How to complete this task> The listing below holds a line with "Ceramic Plate Round" and a later line with "カットジョーゼット カラーレスジャケット 紺(セットアップ可能)". Write out those two lines and every line between them, exactly, and nothing else.
***** Given records
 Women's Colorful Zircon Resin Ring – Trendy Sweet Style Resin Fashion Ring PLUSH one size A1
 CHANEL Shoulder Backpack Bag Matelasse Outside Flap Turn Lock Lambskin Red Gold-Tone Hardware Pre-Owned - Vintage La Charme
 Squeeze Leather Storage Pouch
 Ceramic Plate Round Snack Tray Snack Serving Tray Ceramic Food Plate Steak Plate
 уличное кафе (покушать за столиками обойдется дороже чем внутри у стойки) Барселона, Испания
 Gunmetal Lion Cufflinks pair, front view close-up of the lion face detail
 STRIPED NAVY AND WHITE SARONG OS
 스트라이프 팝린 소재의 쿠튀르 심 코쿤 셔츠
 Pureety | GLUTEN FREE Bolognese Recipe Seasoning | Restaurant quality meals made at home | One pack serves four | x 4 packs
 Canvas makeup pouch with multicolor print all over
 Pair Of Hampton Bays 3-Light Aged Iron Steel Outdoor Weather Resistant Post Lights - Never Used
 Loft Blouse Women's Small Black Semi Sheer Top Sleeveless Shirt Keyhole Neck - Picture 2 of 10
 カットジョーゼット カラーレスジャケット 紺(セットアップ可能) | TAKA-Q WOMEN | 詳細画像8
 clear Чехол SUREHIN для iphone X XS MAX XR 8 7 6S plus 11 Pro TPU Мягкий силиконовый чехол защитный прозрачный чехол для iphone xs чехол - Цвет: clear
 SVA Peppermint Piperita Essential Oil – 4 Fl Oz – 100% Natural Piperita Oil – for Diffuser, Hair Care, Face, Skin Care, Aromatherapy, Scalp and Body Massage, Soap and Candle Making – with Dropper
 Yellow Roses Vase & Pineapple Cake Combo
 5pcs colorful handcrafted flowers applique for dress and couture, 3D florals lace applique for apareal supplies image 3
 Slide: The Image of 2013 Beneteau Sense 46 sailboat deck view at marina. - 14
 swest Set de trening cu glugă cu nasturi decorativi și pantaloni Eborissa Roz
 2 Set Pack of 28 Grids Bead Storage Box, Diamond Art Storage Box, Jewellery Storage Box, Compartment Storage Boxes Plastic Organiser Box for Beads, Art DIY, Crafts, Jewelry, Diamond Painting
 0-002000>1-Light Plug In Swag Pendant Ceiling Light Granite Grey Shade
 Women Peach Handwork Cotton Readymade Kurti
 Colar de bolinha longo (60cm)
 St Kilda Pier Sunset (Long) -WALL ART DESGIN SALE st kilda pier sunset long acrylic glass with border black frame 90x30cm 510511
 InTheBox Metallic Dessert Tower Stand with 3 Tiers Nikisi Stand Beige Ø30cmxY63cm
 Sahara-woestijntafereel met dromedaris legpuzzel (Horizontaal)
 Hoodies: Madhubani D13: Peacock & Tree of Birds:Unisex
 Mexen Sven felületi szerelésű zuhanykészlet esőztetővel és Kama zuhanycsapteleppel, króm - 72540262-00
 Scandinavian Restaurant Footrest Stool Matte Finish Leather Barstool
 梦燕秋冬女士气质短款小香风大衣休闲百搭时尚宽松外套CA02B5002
**********
Task response>
 Ceramic Plate Round Snack Tray Snack Serving Tray Ceramic Food Plate Steak Plate
 уличное кафе (покушать за столиками обойдется дороже чем внутри у стойки) Барселона, Испания
 Gunmetal Lion Cufflinks pair, front view close-up of the lion face detail
 STRIPED NAVY AND WHITE SARONG OS
 스트라이프 팝린 소재의 쿠튀르 심 코쿤 셔츠
 Pureety | GLUTEN FREE Bolognese Recipe Seasoning | Restaurant quality meals made at home | One pack serves four | x 4 packs
 Canvas makeup pouch with multicolor print all over
 Pair Of Hampton Bays 3-Light Aged Iron Steel Outdoor Weather Resistant Post Lights - Never Used
 Loft Blouse Women's Small Black Semi Sheer Top Sleeveless Shirt Keyhole Neck - Picture 2 of 10
 カットジョーゼット カラーレスジャケット 紺(セットアップ可能) | TAKA-Q WOMEN | 詳細画像8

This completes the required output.